---------- DATA PROVIDED ----------
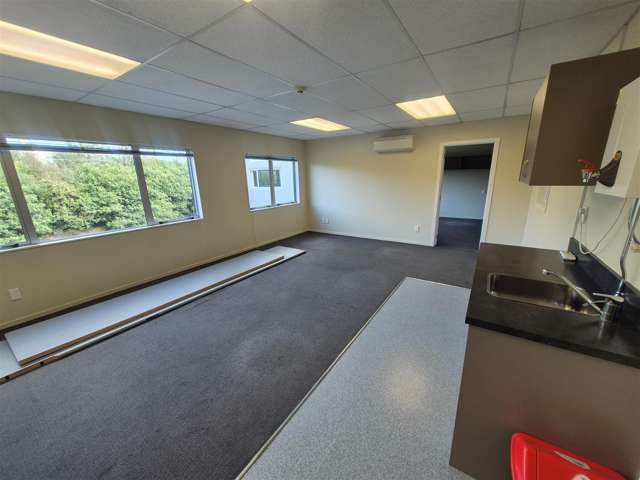 8/158 Cavendish Road Casebrook_3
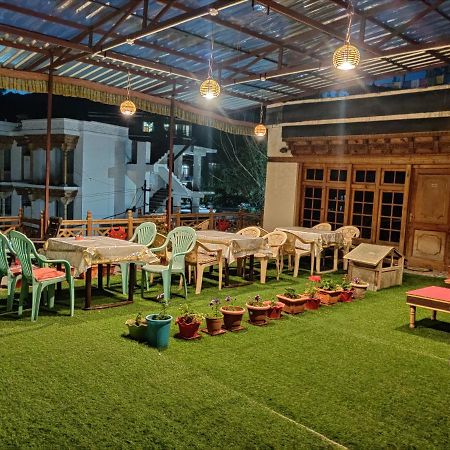 Youthok Guest House Leh Dış mekan fotoğraf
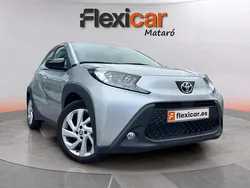 Gris Usado 2024 Toyota Aygo Play Utilitario | 14.290 € (Precio justo)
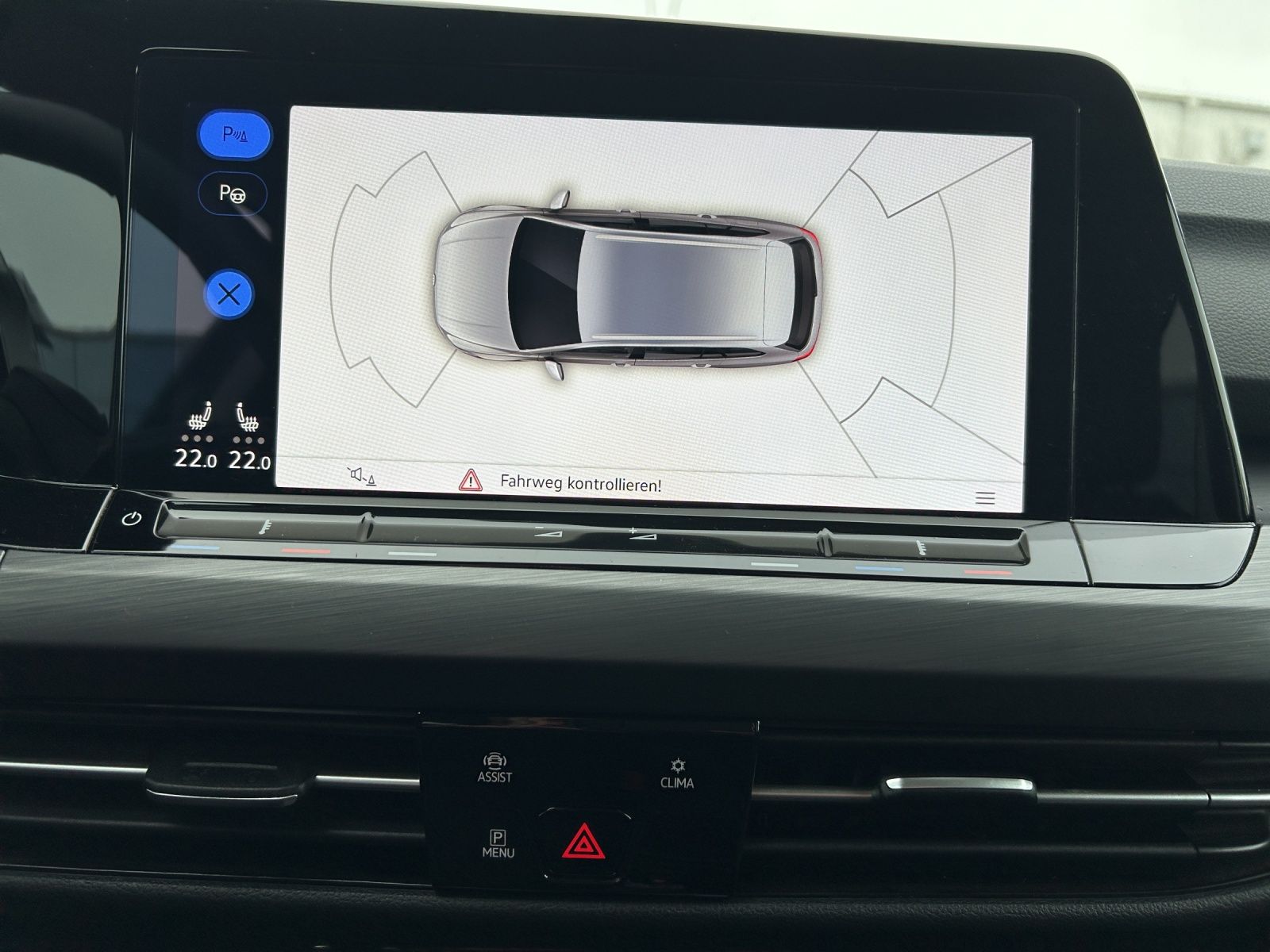 Fahrzeugabbildung Volkswagen Golf VIII Variant TSI Style DSG 4M Matrix Navi A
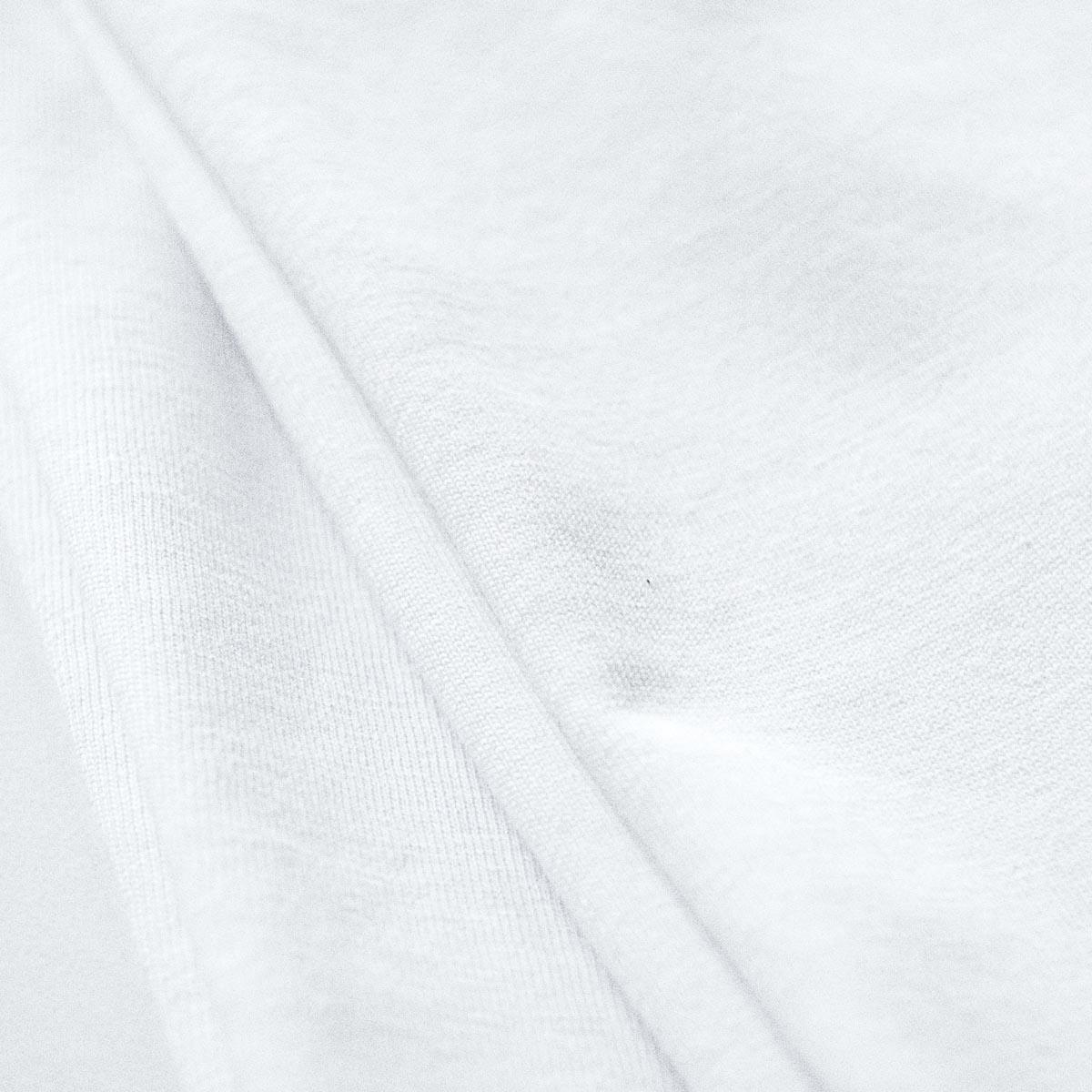 detaliu textura tricouri cupluri albe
----------
## GOAL OF THE EXERCISE
Repeat each line of the records exactly. Do not include the pictures.

## SOLUTION FOR THIS EXERCISE
 8/158 Cavendish Road Casebrook_3
 Youthok Guest House Leh Dış mekan fotoğraf
 Gris Usado 2024 Toyota Aygo Play Utilitario | 14.290 € (Precio justo)
 Fahrzeugabbildung Volkswagen Golf VIII Variant TSI Style DSG 4M Matrix Navi A
 detaliu textura tricouri cupluri albe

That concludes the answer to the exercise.